In the Court's view, the Department inspected SeaWeed's premises, orally communicated a position of the legality of their logo, and threatened to use its statutory power to impose an administrative hold pending a possible enforcement action. SeaWeed and SeaSmoke, committed to their logo but understandably reticent to have 90% of their inventory placed under an administrative hold until the matter was resolved, proposed a compromise that would allow them to keep operating. The Department agreed to the proposal and never issued the hold. At no point, however, was the matter resolved. The agency was still working on its enforcement action, which it announced with the notices of administrative action issued December 15. Thus, the agency action is still in its infancy, and this court has no jurisdiction.

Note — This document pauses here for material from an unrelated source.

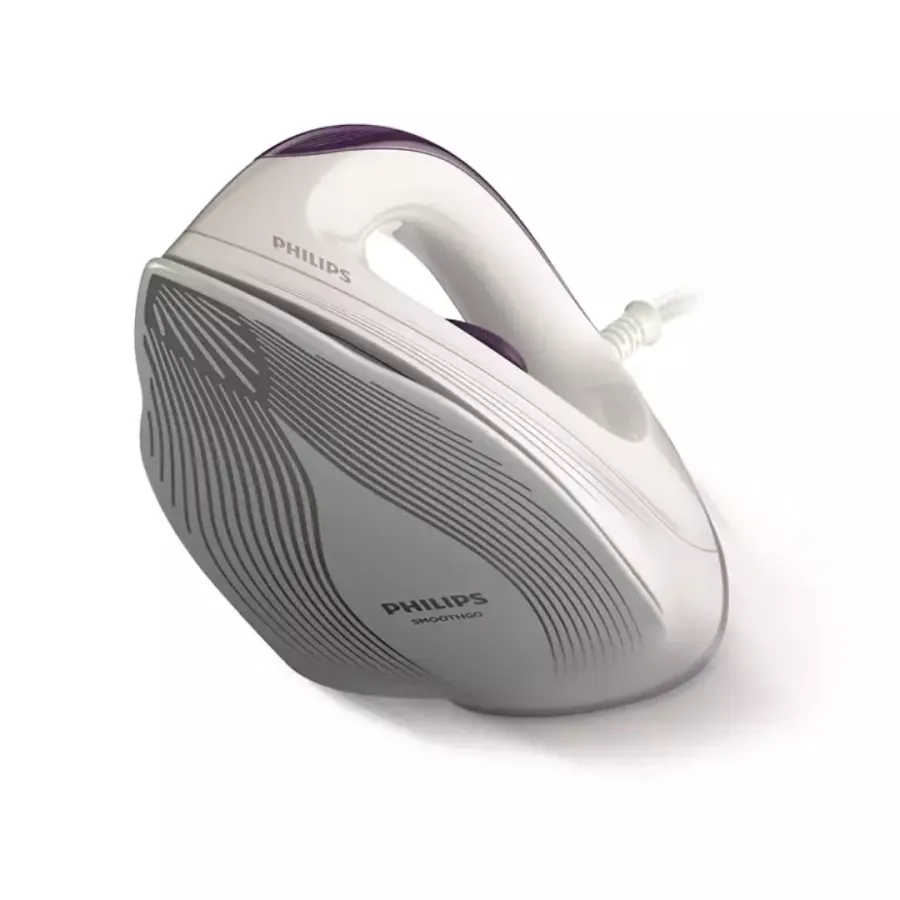 Philips GC160/22 1200W Dry Iron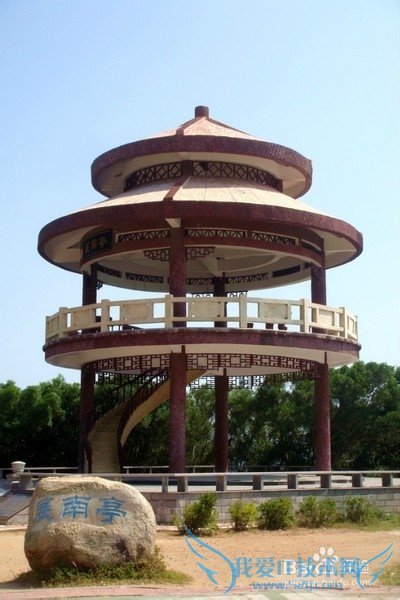 ÔÙ²»·è¿ñÎÒÃǾÍÀÏÁË£¬ÉÇÍ·ÄϰĵºÂÃÓÎ×߯ð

The Court does not wish to minimize the difficulty faced by the SeaWeed entities in this matter. The market for legal adult use marijuana is in its infancy and there is always a certain degree of friction between agencies and the markets they regulate as they struggle to work out appropriate interpretations to the statutes and rules that structure such markets. Businesses facing possible agency action under these circumstances are faced with significant uncertainty and may have to make difficult decisions about how proceed until these contested issues are resolved. However, these issues must be allowed to work their way through the administrative process until appeals are filed. The reasons for that should be obvious, given the scarce record in this case.

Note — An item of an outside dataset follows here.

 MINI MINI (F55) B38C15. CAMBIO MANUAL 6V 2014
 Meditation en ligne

The appropriate forum for this dispute at this stage is the administrative appeals process. The factual record is still being developed. Should the petitioners find themselves unsatisfied with the administrative process after they have exhausted all of their appeals, then they will be entitled to appeal the matter to the Superior Court pursuant to MR. Civ. P. 80 C. A court will then be able to review the developed record and decide their appeal on the merits. At this stage, however, the first count must be dismissed for lack of subject matter jurisdiction, The other counts also fail. Count 3, the claim under 42 U.S.C. § 1983, fails because Petitioners have not exhausted their administrative remedies and because other means of redress are available. Antler's Inn & Rest., LLC v. Dep't of Pub. Safety, 2012 ME 143, ¶¶ 14-15, 60A.3d 1248, Count 4 fails, even if the court construes it as an independent claim for equitable estoppel, because Petitioners failed to allege any misrepresentations made by the Department. See State v, Brown, 2014 ME 79, ¶14, 95 A.3d 82. Petitioners admit they were aware that the Department did not approve of their logo, they simply lacked an explanation for the reasoning behind the Department's disapproval. Count 5 fails, as it merely asks the court for injunctive relief without stating any legal basis for granting it. Finally Count 2 fails, as the Declaratory Judgment Act does not provide a cause of action or jurisdiction where it does not independently exist and all other counts are dismissed, The entry is
Respondent Maine Department of Administrative and Financial Services, Office of Marijuana Policy's Motion to Dismiss is GRAFTED.
The Motion to Specify Future Course of Proceedings and the Motion to Stay Enforcement are deemed MOOT, The Clerk is directed to enter this order into the docket by reference pursuant to M.R.CivP. 79(a).